By Emilía S. Ólafsdóttir Kaaber
Björk

Photo: Wikipedia.

Icelandic artist Björk has been keeping a high profile as of late. First the Nordic Council approved her Biophilia Educational Program for incorporation into the curriculum of all Nordic schools. Then, last Monday she was featured on a surprise album released unannounced by American experimental hip hop group Death Grips on the group’s Facebook site. Now her interactive app, Biophilia, based on her best-selling 2011 album, has been inducted into the New York Museum of Modern Art’s permanent collection – the first app to receive this honor.  

In a statement on MoMa’s website, senior curator Paola Antonelli, said that she “started thinking about aquiring Biophilia when it was released in 2011.”

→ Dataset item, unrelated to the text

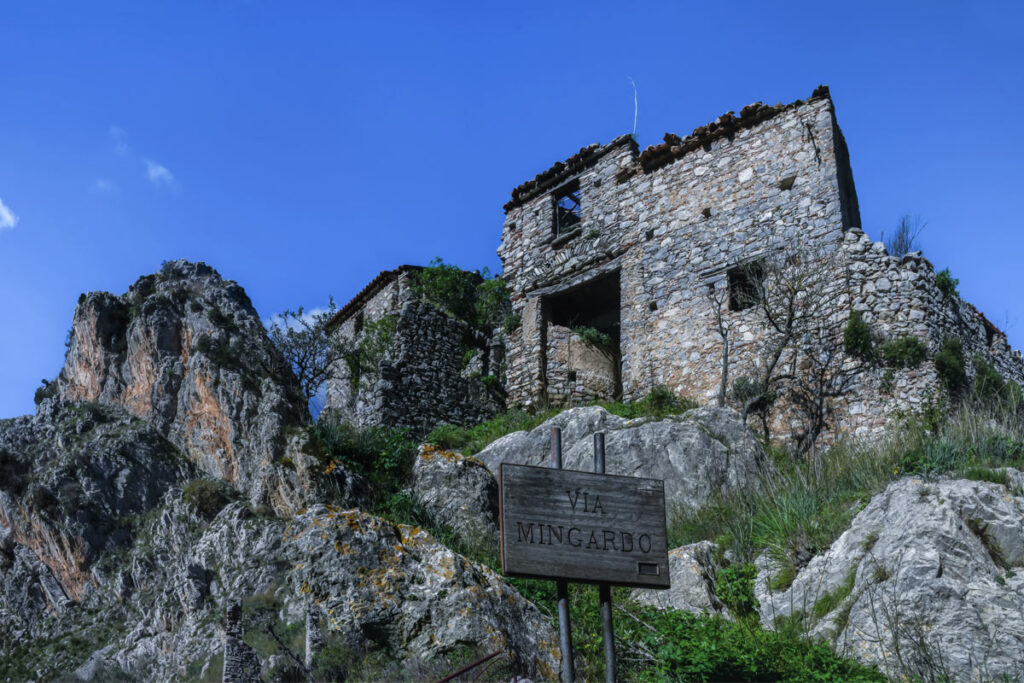 San Severino Di Centola Alla Scoperta Del Borgo Fantasma Del Cilento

The application, a hybrid of interactive software and a musical album, or an app album, the first of its kind, allows users to participate in their experience of the music, even altering the sound of the songs. Upon launch, the app displays a black background littered with stars, with the forefront resembling an astrologer’s map. Ten brighter stars represent each of the ten songs, and clicking on one of them brings the user to a unique sub-app, with each one relating to the theme of the song it is associated with.

„Björk truly innovated the way people experience music by letting them participate in performing and making the music and visuals, rather than just listening passively. True innovation—technological, social, performative—supported by great art is a mesmerizing gift to the world,” said Antonelli of the acquisition.